Re: energy of charged capacitor

Hi

Q = It, where Q is charge, I is current, and t is time. In case of capacitor I is maximum, I0, at t0 (when the switch is just closed). The current will decrease gradually in exponential fashion. We can find the total charge, Q=It, which flows into the capacitor until the potential difference across it equalizes the potential difference of the battery.

Energy = VI x t. Therefore, we can write, Energy = VQ.

The battery supplied all the charge which went into the capacitor at constant potential, V.

But the formula for power or work done for capacitor is: 1/2 VQ. It's half the work done by battery. Where did the rest of the energy, which is half of the supplied energy, go?

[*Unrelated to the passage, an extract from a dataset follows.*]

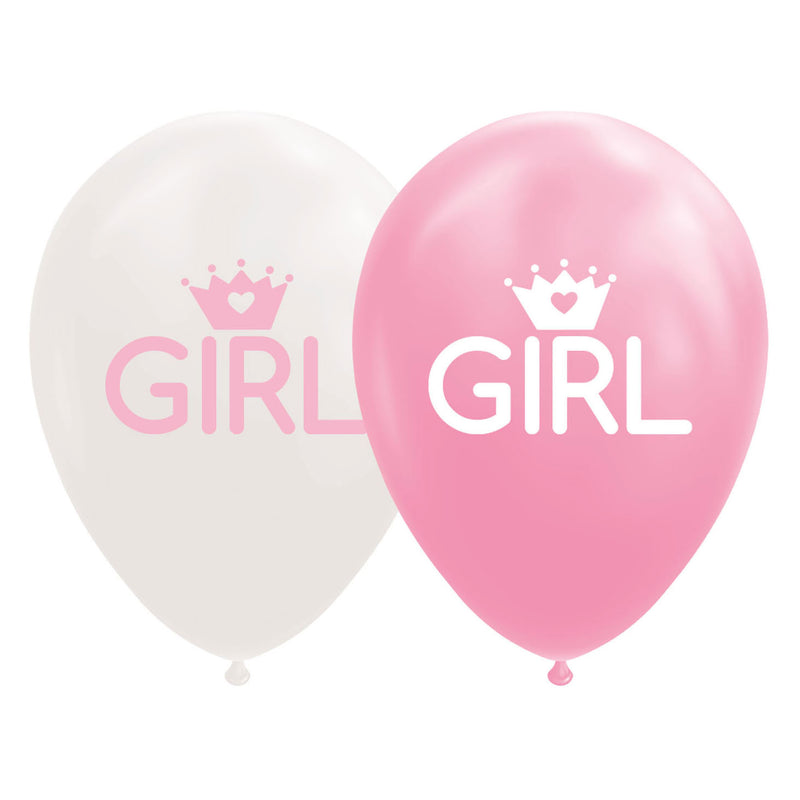 Afbeelding laden in galerijviewer, Globos ballonnen dochter baby roze wit 30cm, 8st.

This is what I think. As a capacitor gets charged, the battery finds it hard to push the charge into the capacitor because the capacitor starts resisting the inflow of the charge. Therefore, half of the energy gets lost as heat. This is analogous to the case when air is blown into a balloon. As the balloon gets inflated, it starts resisting the inflow of the air.

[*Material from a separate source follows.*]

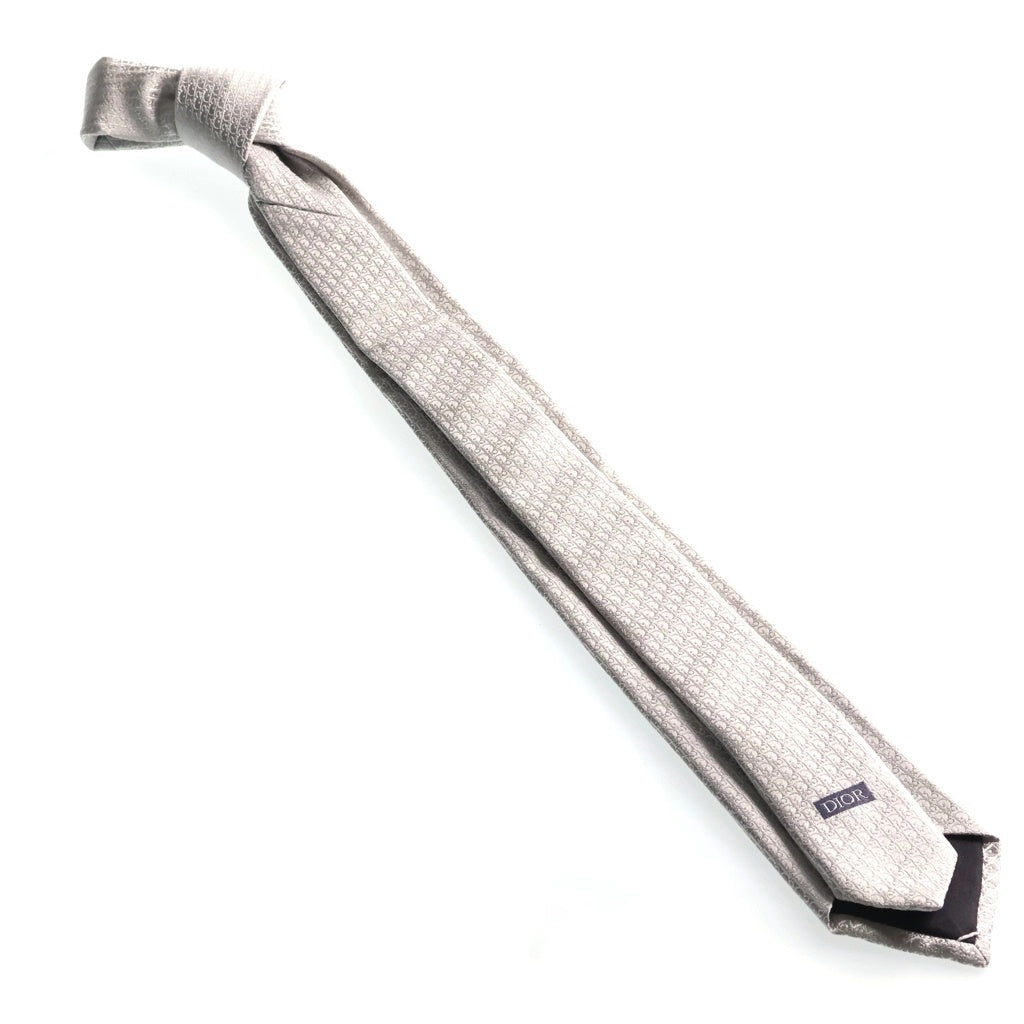 DIOR(ディオール) Obrique Tie オブリーク総柄 シルク ネクタイ グレー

Do I make sense? Please let me know. Thanks.

Regards
PG

 

The reason the current decreases exponentially is because there is resistance in the circuit. Energy is lost as heat in the resistor.

 

All real circuits have some resistance, no matter how small, and that is where 1/2 the energy goes, as noted by MrChips.

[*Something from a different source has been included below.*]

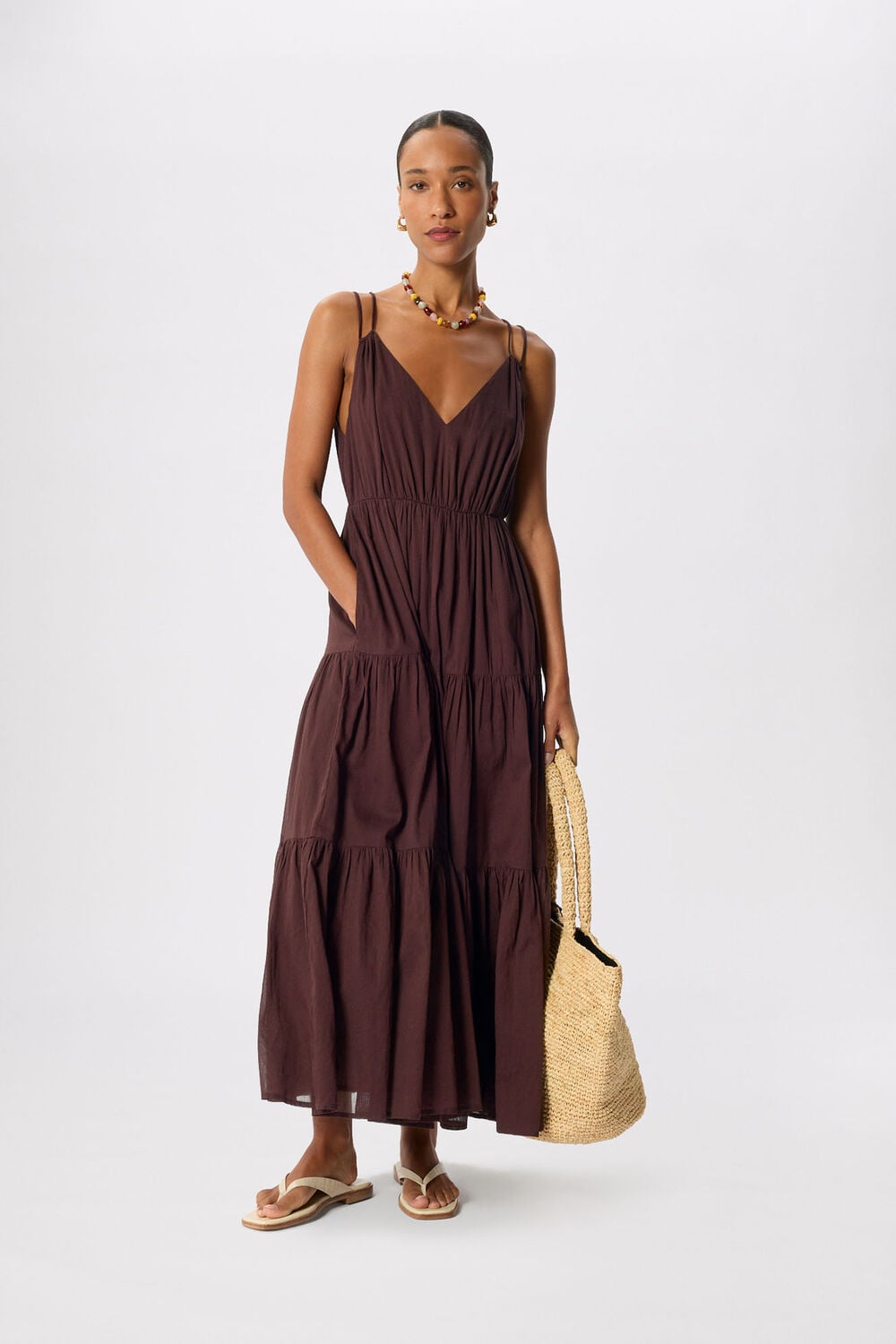 Cotton Maxi V Neck Sundress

So suppose you have a theoretical circuit with an ideal battery, a capacitor, and no resistance. Where does the energy go then? One theory I have heard is that, due to the infinite impulse current spike that would occur when you suddenly connect the battery to the capacitor, a large electromagnetic pulse would be generated, which would radiate away 1/2 the energy. So no matter what you do, only half the energy ends up stored on the capacitor.